## RECORD EXTRACTS:
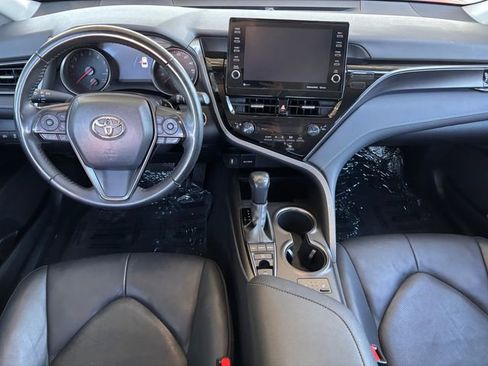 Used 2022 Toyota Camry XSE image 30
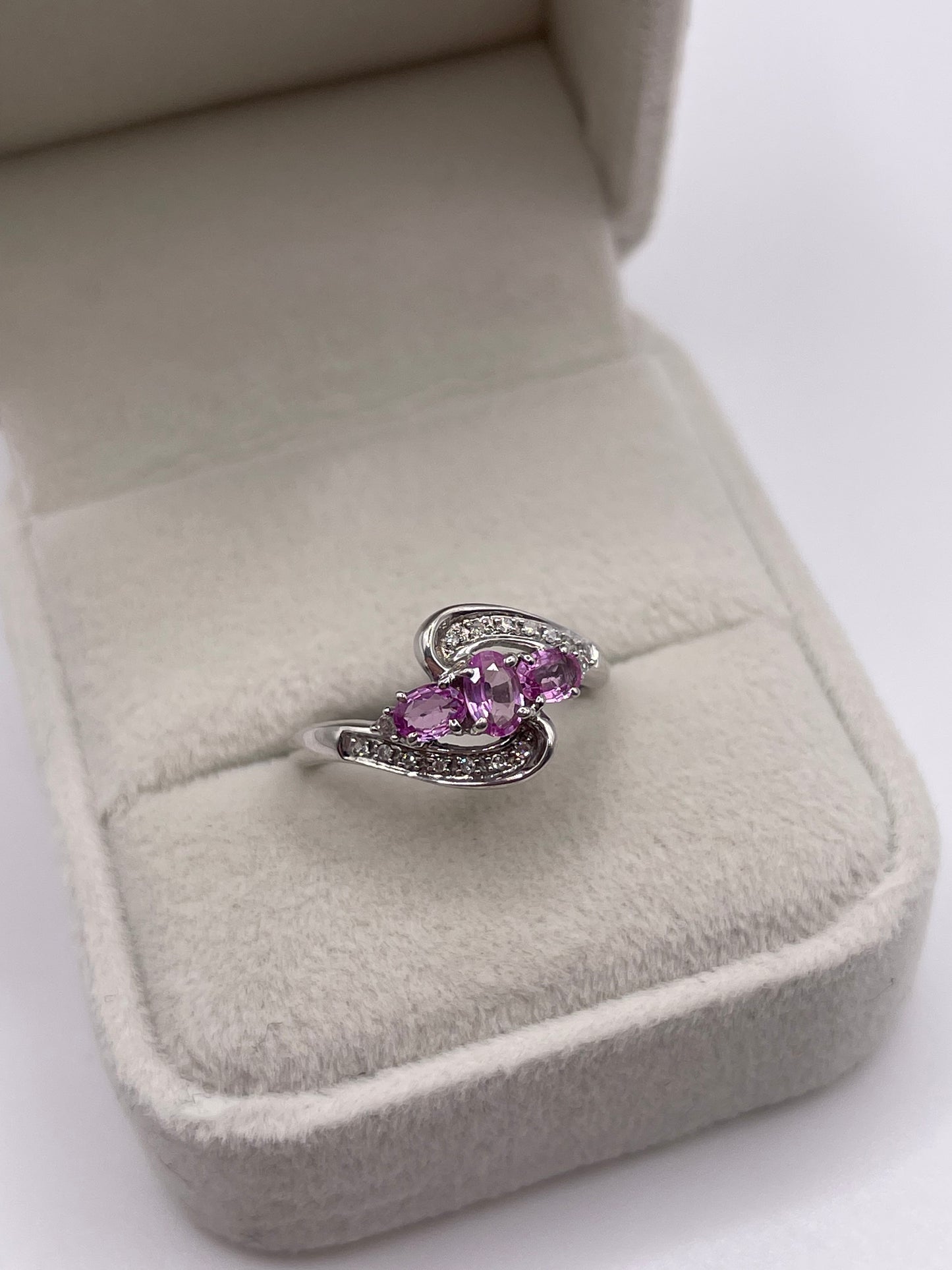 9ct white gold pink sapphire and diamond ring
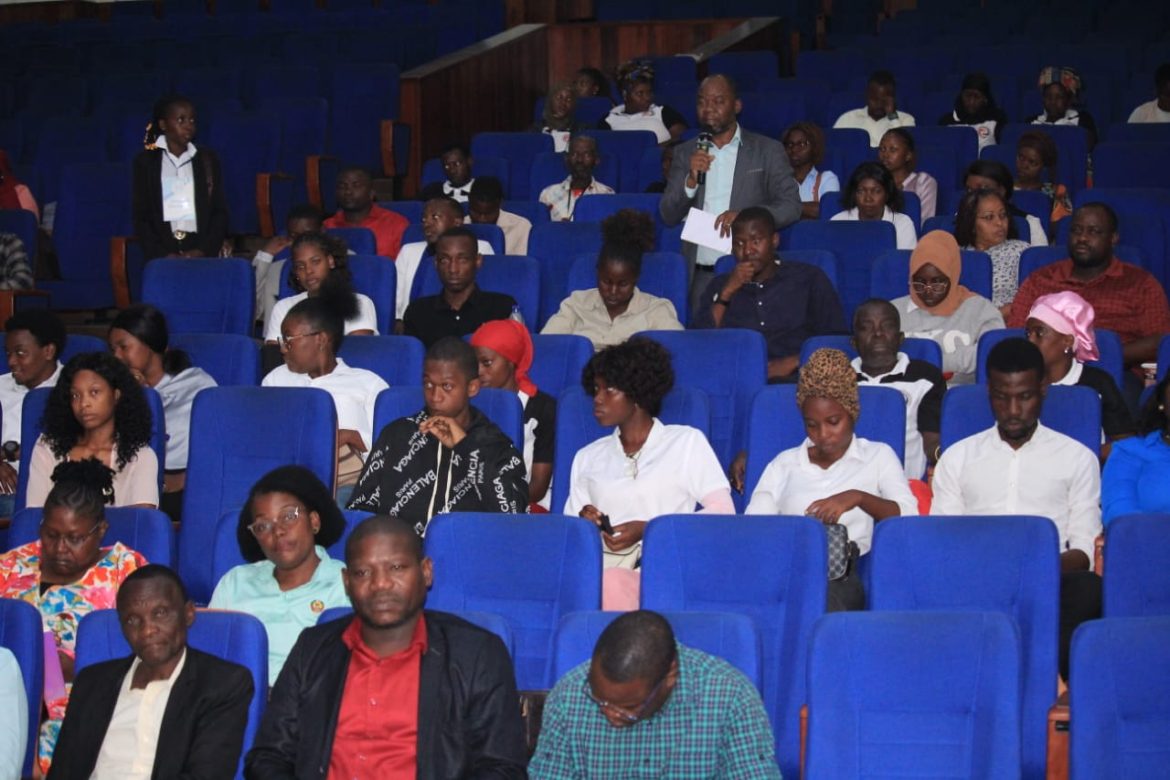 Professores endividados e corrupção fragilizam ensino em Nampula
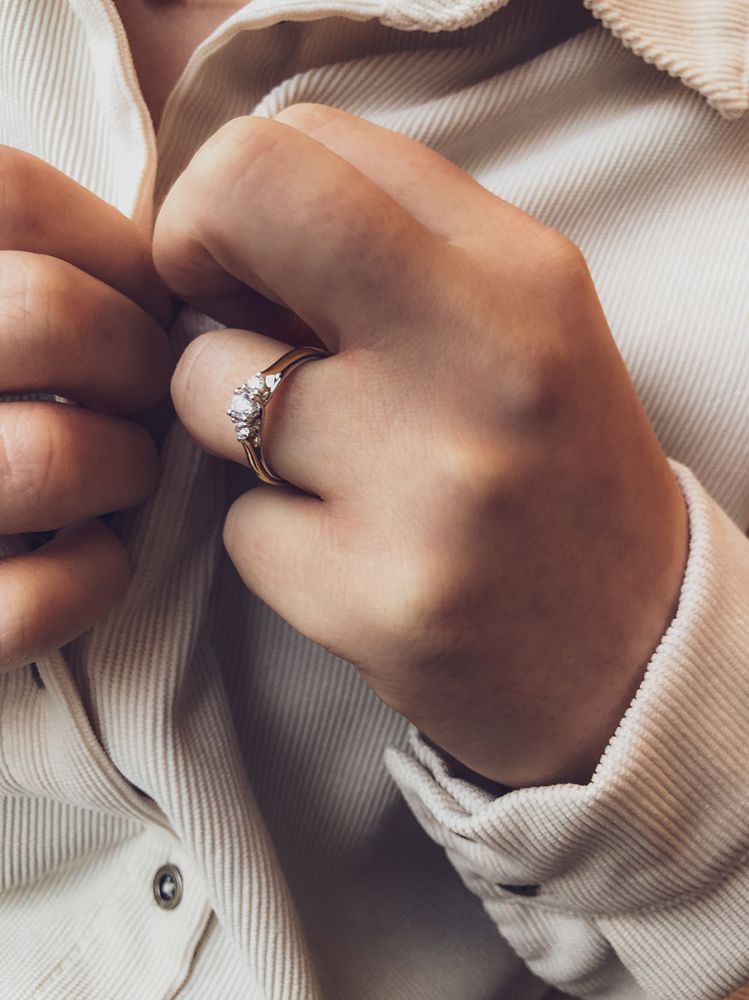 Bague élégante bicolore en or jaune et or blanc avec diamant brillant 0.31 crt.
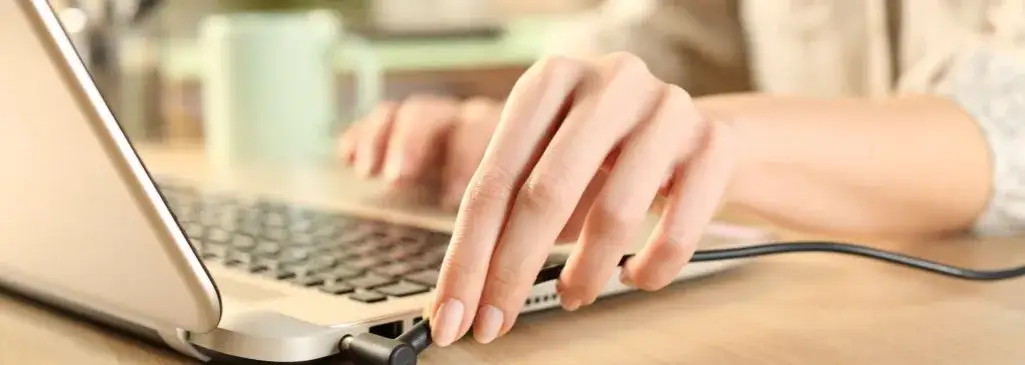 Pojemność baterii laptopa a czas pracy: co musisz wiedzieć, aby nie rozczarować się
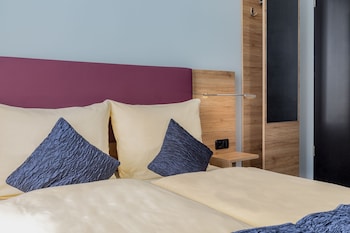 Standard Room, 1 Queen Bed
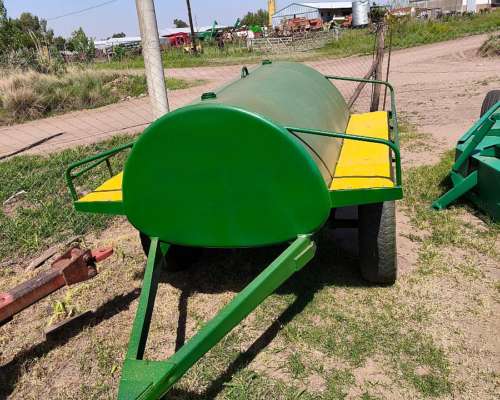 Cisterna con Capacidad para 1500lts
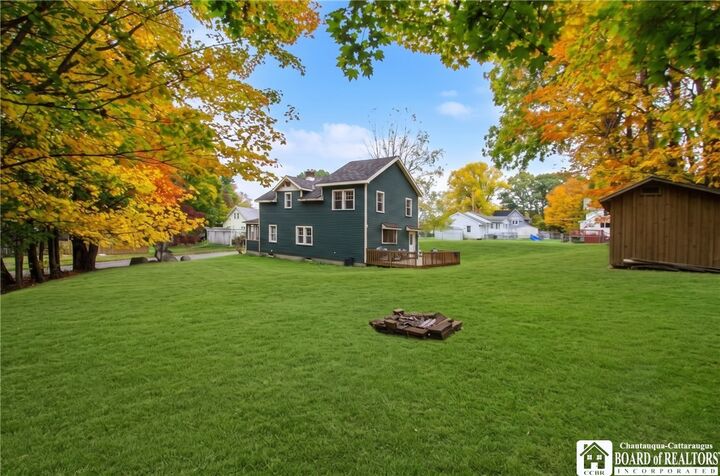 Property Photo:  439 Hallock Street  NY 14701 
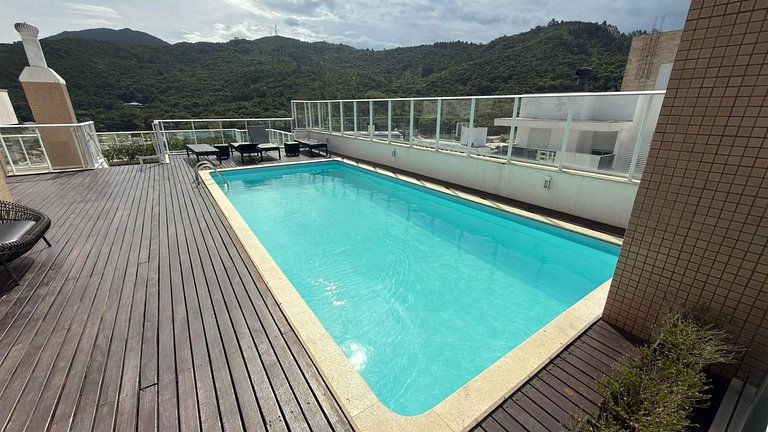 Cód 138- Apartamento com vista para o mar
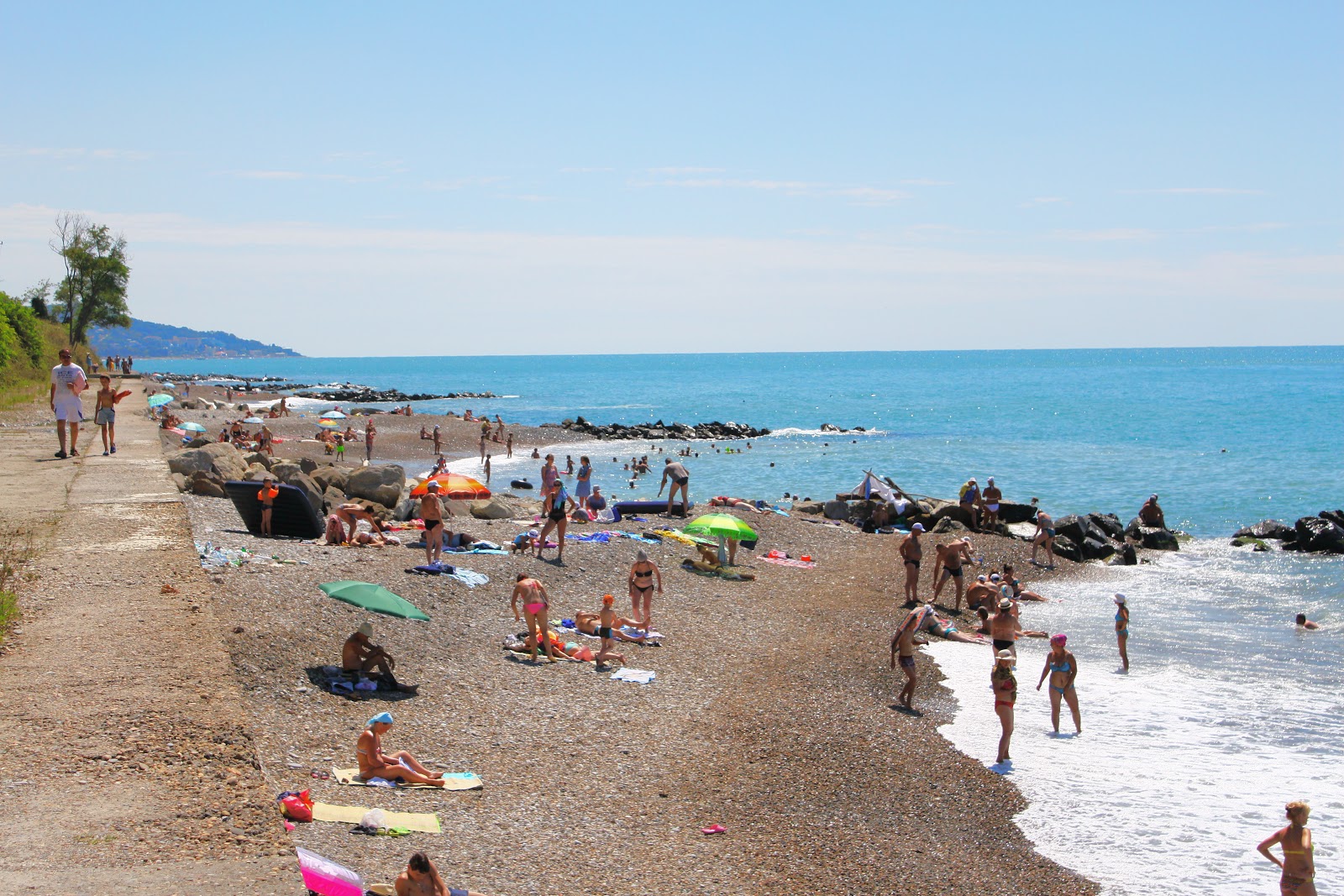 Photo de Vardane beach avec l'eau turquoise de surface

## THE TASK:
Word for word, write out each line from the one with "9ct white gold" through the end of the entries above, and omit any pictures.

## RESULT OF THIS TASK:
 9ct white gold pink sapphire and diamond ring
 Professores endividados e corrupção fragilizam ensino em Nampula
 Bague élégante bicolore en or jaune et or blanc avec diamant brillant 0.31 crt.
 Pojemność baterii laptopa a czas pracy: co musisz wiedzieć, aby nie rozczarować się
 Standard Room, 1 Queen Bed
 Cisterna con Capacidad para 1500lts
 Property Photo:  439 Hallock Street  NY 14701 
 Cód 138- Apartamento com vista para o mar
 Photo de Vardane beach avec l'eau turquoise de surface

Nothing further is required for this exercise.